The reply is to be an exact repetition of the entries that follow, with each picture left out.

Image-text web data

------------------------------

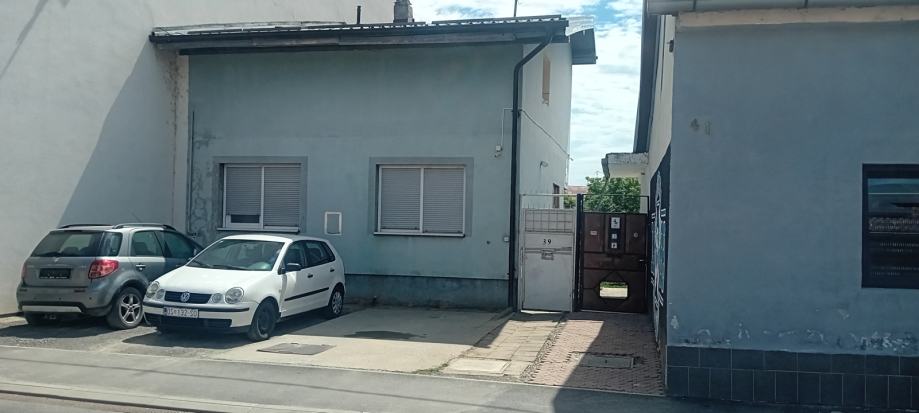 Kuća: Osijek, 250.00 m2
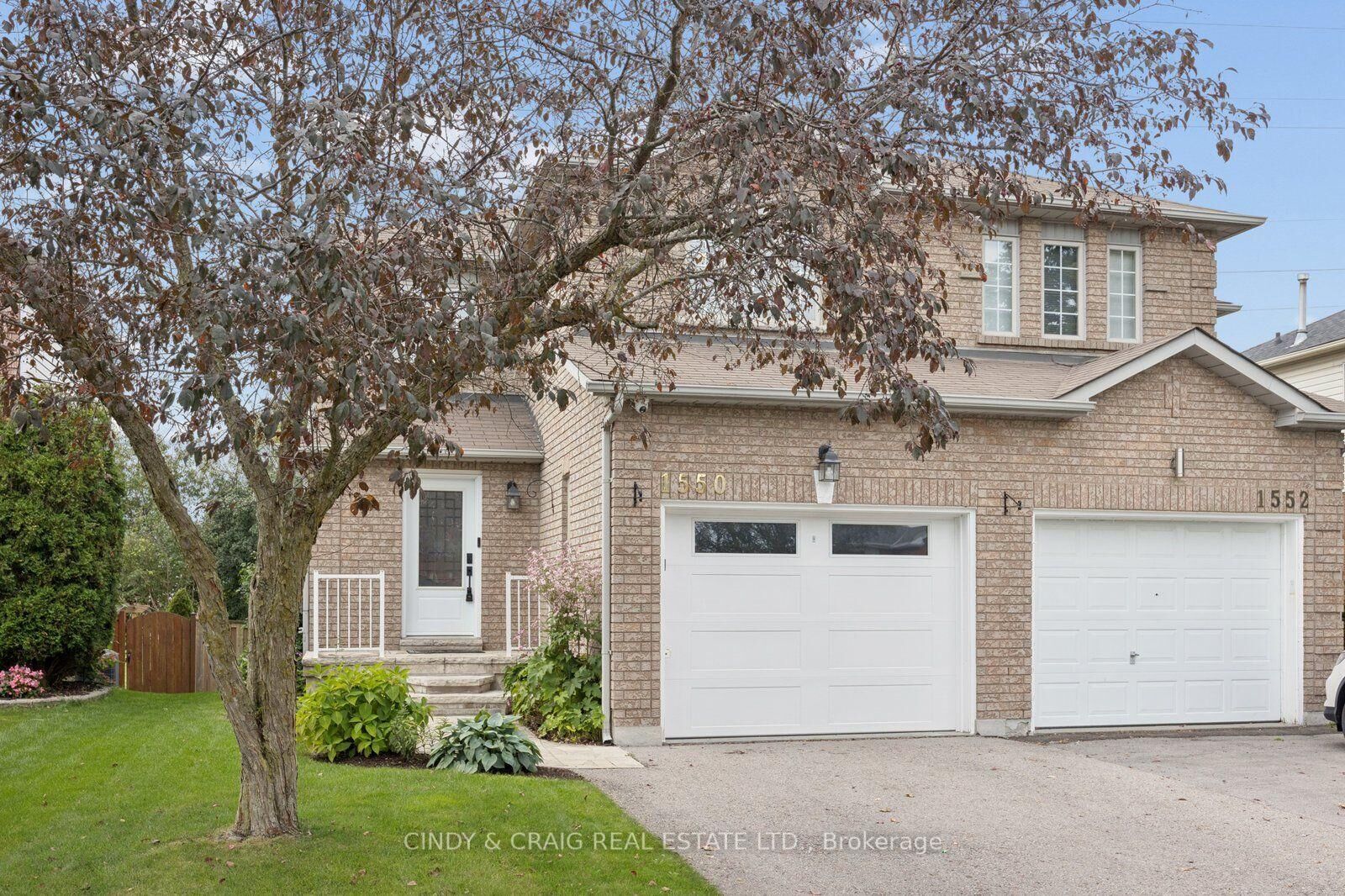 Property Photo:  1550 Fieldgate Drive  ON L1K 2L5 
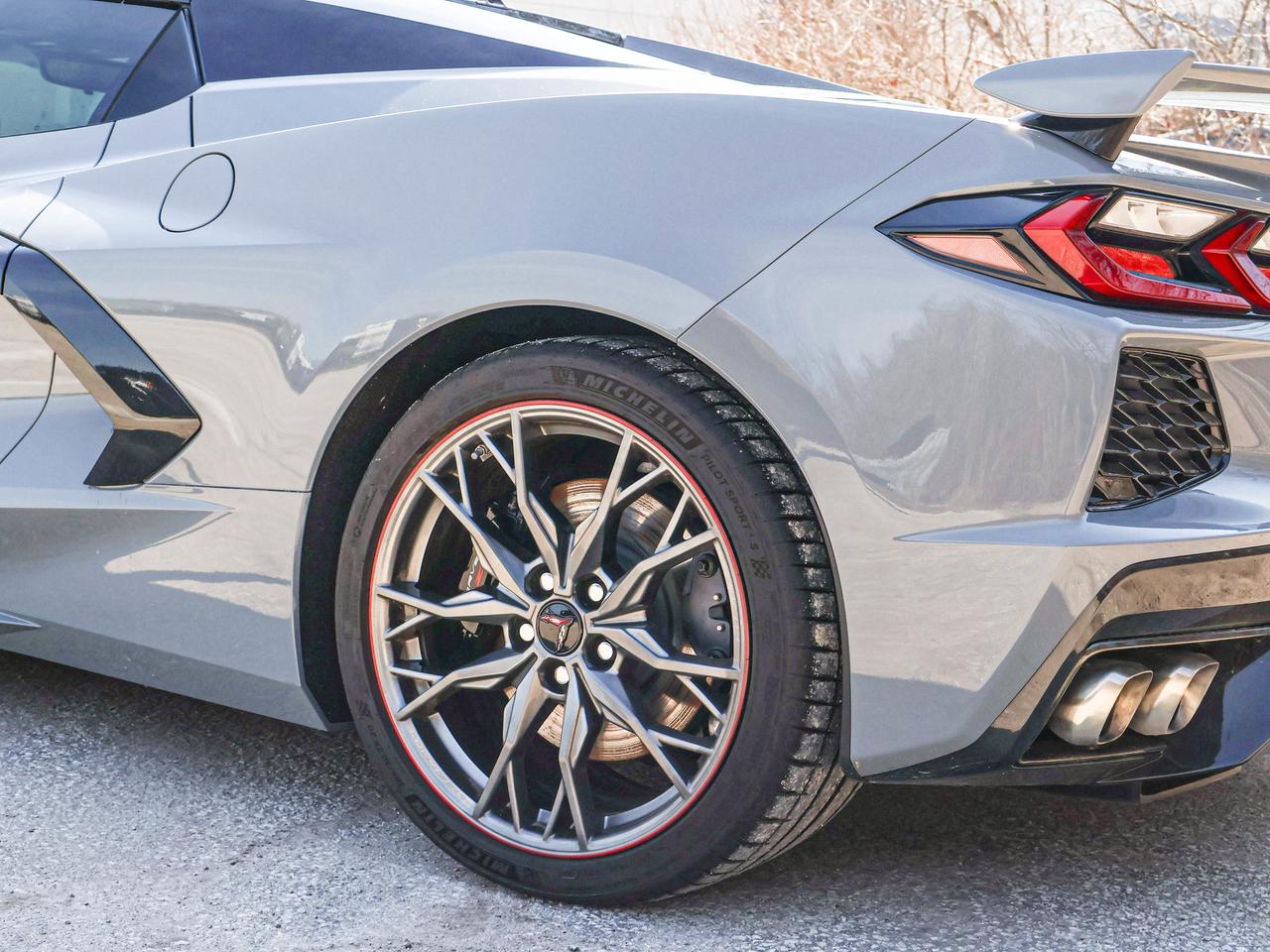 2025 Chevrolet Corvette 2LT Photo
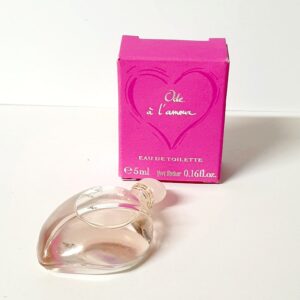 Miniature de parfum Ode à l'Amour Yves Rocher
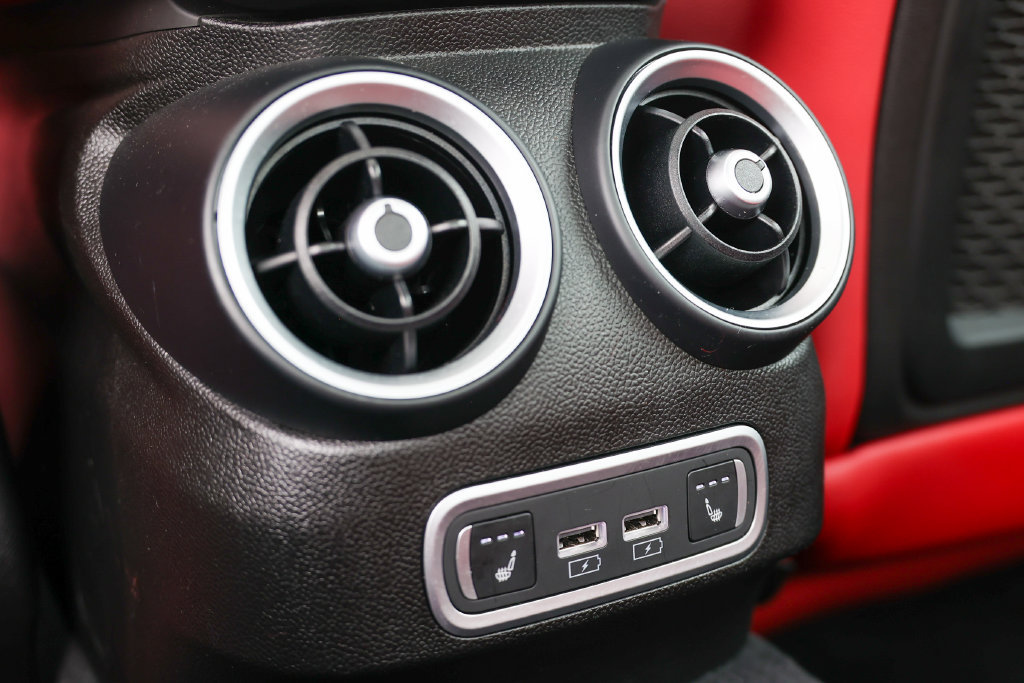 Used 2024 Alfa Romeo Giulia Veloce RWD image 42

------------------------------

Written reply:
 Kuća: Osijek, 250.00 m2
 Property Photo:  1550 Fieldgate Drive  ON L1K 2L5 
 2025 Chevrolet Corvette 2LT Photo
 Miniature de parfum Ode à l'Amour Yves Rocher
 Used 2024 Alfa Romeo Giulia Veloce RWD image 42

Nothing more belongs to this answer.